LIQUIDITY, CAPITAL RESOURCES AND FINANCIAL STRATEGIES
Cash Flows
                         
    Fiscal Years Ended
     
    2006   2005   2004
             
    (In millions)
Net cash provided by operating activities
  $ 334.2     $ 338.8     $ 289.2  
Net cash used in investing activities
    (768.6 )     (316.7 )     (97.2 )
Net cash provided by (used in) financing activities
    236.4       (76.9 )     (77.9 )
Effect of foreign exchange rate changes on cash
    1.7       0.9       0.9  
                   
Net increase (decrease) in cash and cash equivalents
  $ (196.3 )   $ (53.9 )   $ 115.0  
                   
      Cash and cash equivalents: Our cash and cash equivalents decreased by $196.3 million to $181.3 million at the end of fiscal 2006, primarily due to the $509.6 million of cash paid for the acquisitions of Leitch, OSi and Aastra Digital Video; $146.4 million of software and property, plant and equipment additions; $112.6 million net purchases of short-term investments; $44.9 million of common stock repurchases and $42.7 million of cash dividends. These decreases were partially offset by $334.2 million of cash flow generated from operating activities and the issuance during the first quarter of fiscal 2006 of $300 million in aggregate principal amount of 5% Notes due October 1, 2015. See Note 13: Long-Term Debt in the Notes for further information.
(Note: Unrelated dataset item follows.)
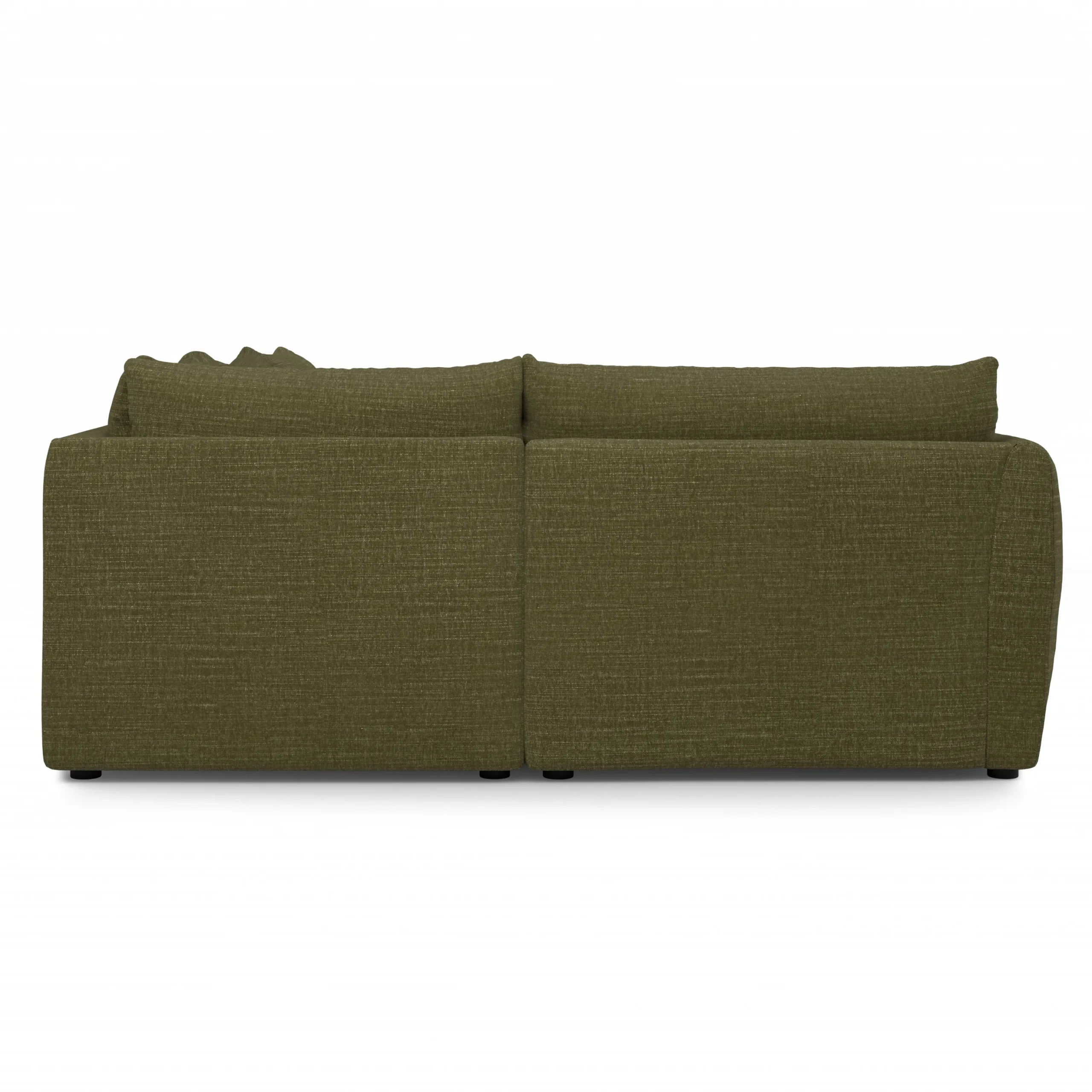Leigh 126_ Modular L Sectional - Napa Moss - Image 6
      Management currently believes that existing cash, funds generated from operations, our credit facilities and access to the public and private debt and equity markets will be sufficient to provide for our anticipated requirements for working capital, capital expenditures and stock repurchases under the current repurchase program for the next 12 months and the foreseeable future. We expect tax payments over the next three years to approximate our tax expense during the same period. We anticipate that our fiscal 2007 cash payments may include strategic acquisitions. With the exception of potential acquisitions, no other significant cash payments are anticipated in fiscal 2007 and thereafter, other than those noted in the “Contractual Obligations” discussion below of this MD&A.
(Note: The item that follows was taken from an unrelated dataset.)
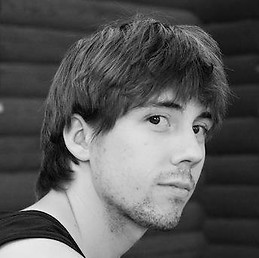 Alex Peiró Lilja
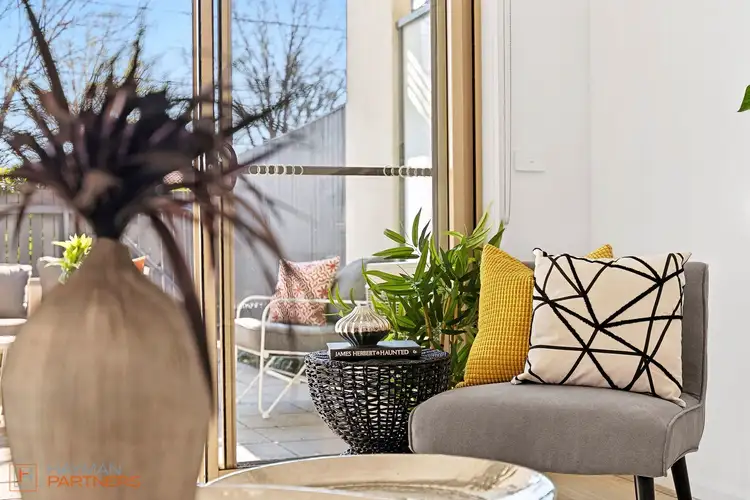 Fourth view of Homely apartment listing, 5/15 Oliver Street, Lyneham ACT 2602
      There can be no assurance, however, that our business will continue to generate cash flow at current levels, or that anticipated operational improvements will be achieved. If we are unable to maintain cash balances or generate sufficient cash flow from operations to service our obligations, we may be required to sell assets, reduce capital expenditures, terminate our stock repurchase program, reduce or eliminate dividends, refinance all or a portion of our existing debt or obtain additional financing. Our ability to make scheduled principal payments or pay interest on or refinance our indebtedness depends on our future performance and financial results, which, to a certain extent, are subject to general conditions in or affecting the government, defense, microwave communications and broadcast communications markets and to general economic, political, financial, competitive, legislative and regulatory factors beyond our control.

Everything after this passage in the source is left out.